ABOUT THIS TASK: What's needed is an exact copy of all the data below, without pictures.

ENTRIES SUPPLIED:
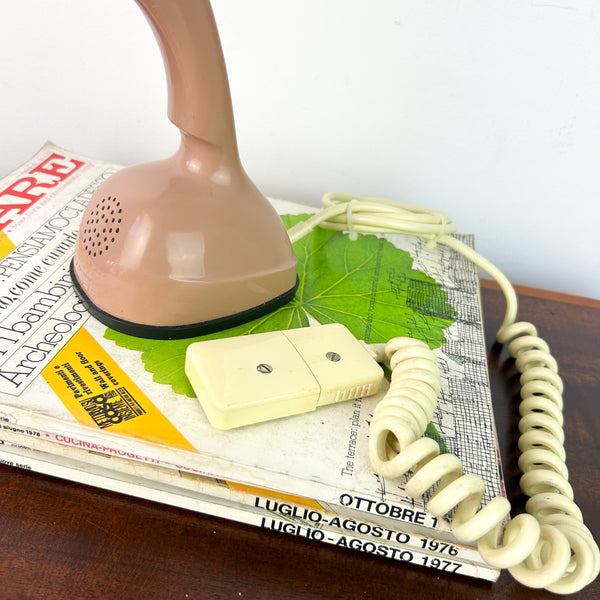 ERICOFON TELEPHONE MUSHROOM - HEY JUDE WORKSHOP • Vintage furniture & objects Melbourne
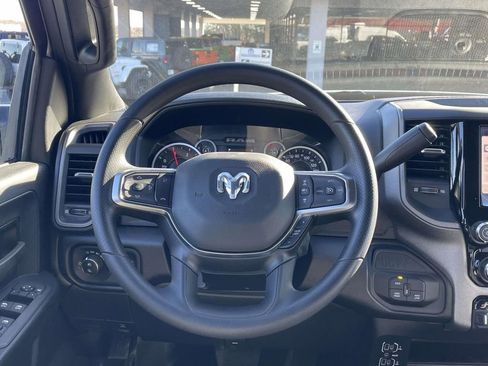 New 2026 RAM 2500 Tradesman w/ Chrome Appearance Group AWD/4WD image 22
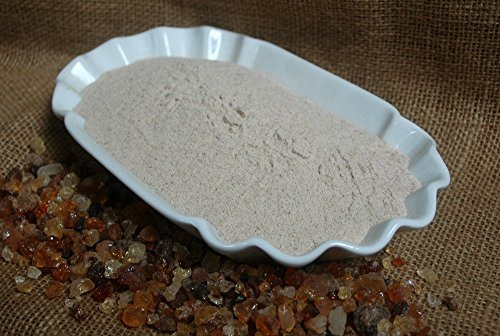 Naturix24 – Arabisches Gummi gemahlen – 100g Beutel
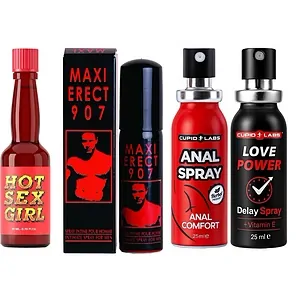 Pachet Putere și Plăcere: Control, Durată, Intensitate pe SexLab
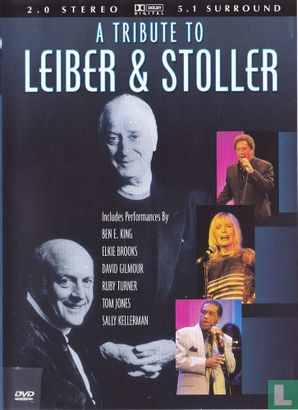 A Tribute to Leiber & Stoller - Image 1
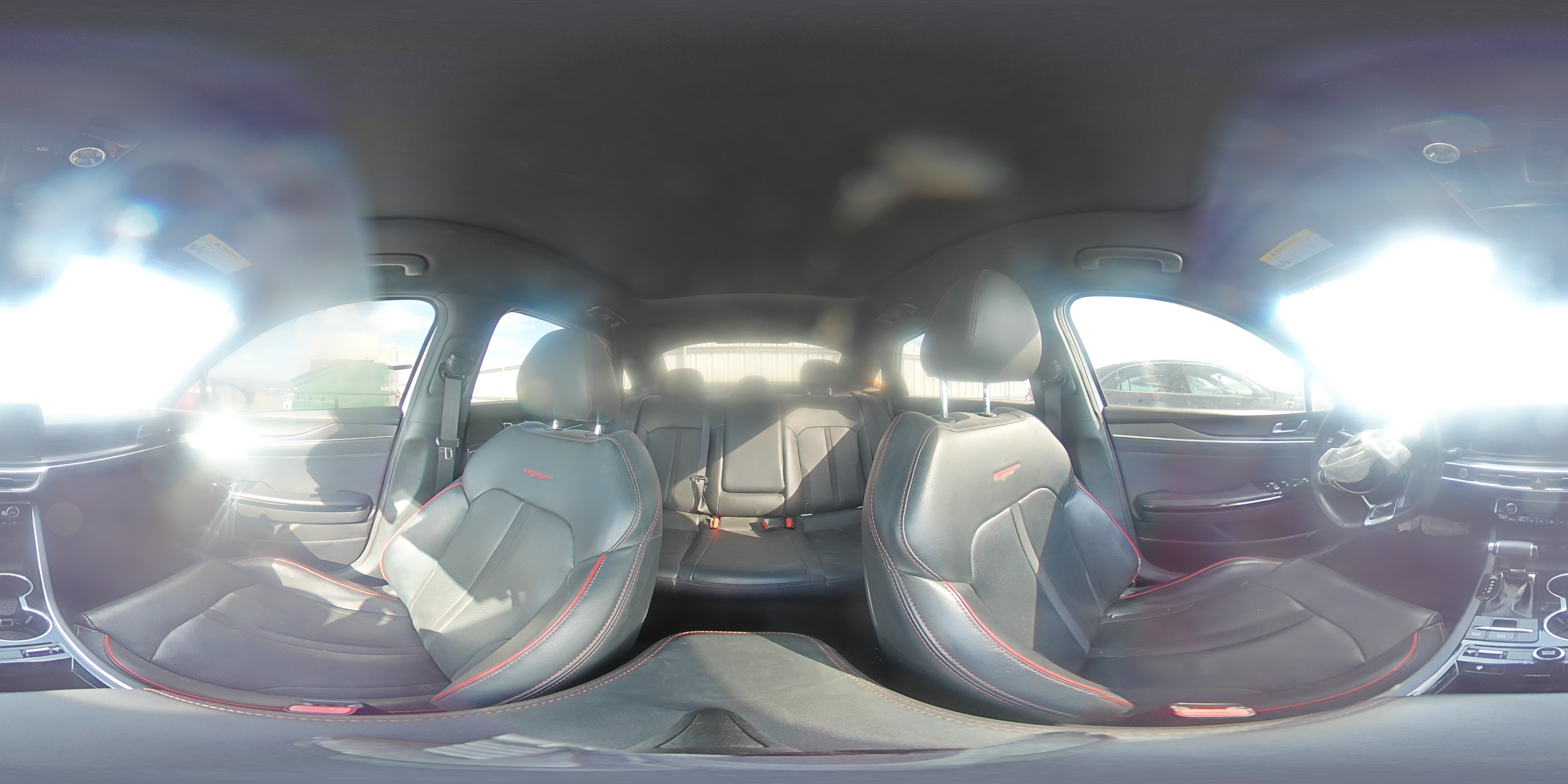 2022 Kia K5 Gt VIN: 5XXG44J83NG096968 Lot: 90600465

TASK SOLUTION:
 ERICOFON TELEPHONE MUSHROOM - HEY JUDE WORKSHOP • Vintage furniture & objects Melbourne
 New 2026 RAM 2500 Tradesman w/ Chrome Appearance Group AWD/4WD image 22
 Naturix24 – Arabisches Gummi gemahlen – 100g Beutel
 Pachet Putere și Plăcere: Control, Durată, Intensitate pe SexLab
 A Tribute to Leiber & Stoller - Image 1
 2022 Kia K5 Gt VIN: 5XXG44J83NG096968 Lot: 90600465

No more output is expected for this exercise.